ABOUT THIS TASK:
The result should be an exact copy of the data, free of pictures.

STORED DATA:
┏━━

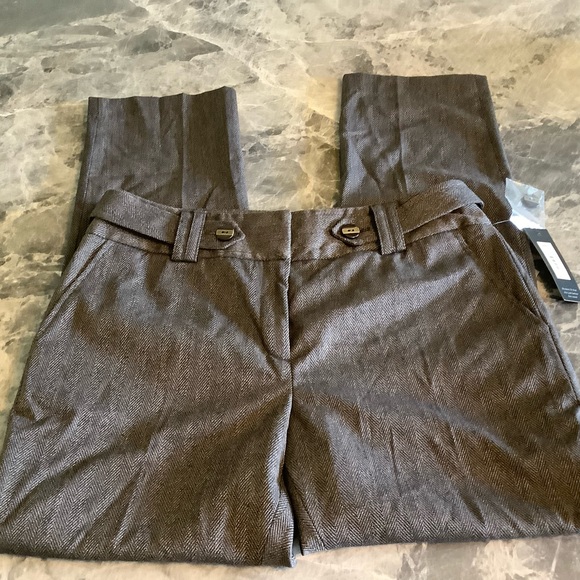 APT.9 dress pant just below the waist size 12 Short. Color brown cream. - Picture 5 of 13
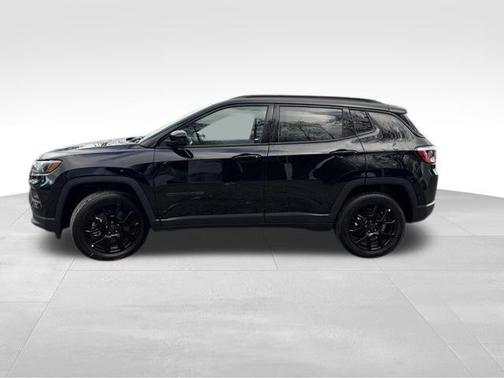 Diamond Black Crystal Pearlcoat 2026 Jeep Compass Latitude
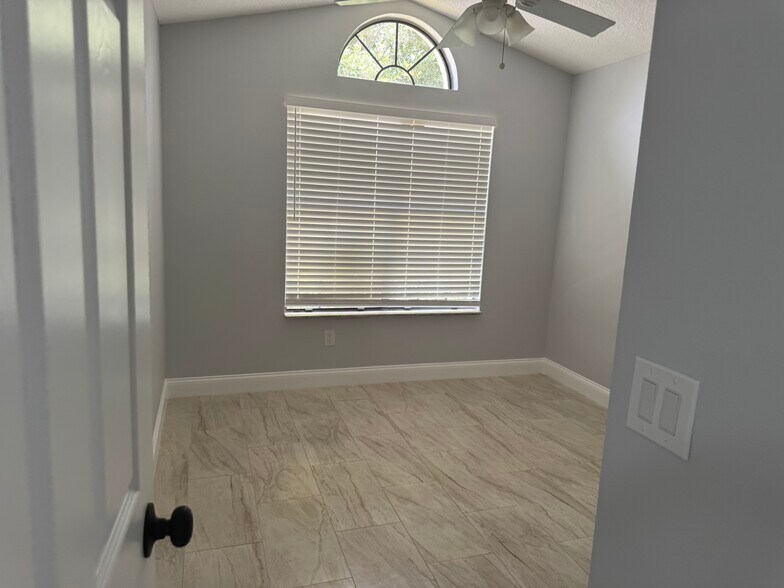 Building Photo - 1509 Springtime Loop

┗━━

OUTPUT FOR THIS EXERCISE:
 APT.9 dress pant just below the waist size 12 Short. Color brown cream. - Picture 5 of 13
 Diamond Black Crystal Pearlcoat 2026 Jeep Compass Latitude
 Building Photo - 1509 Springtime Loop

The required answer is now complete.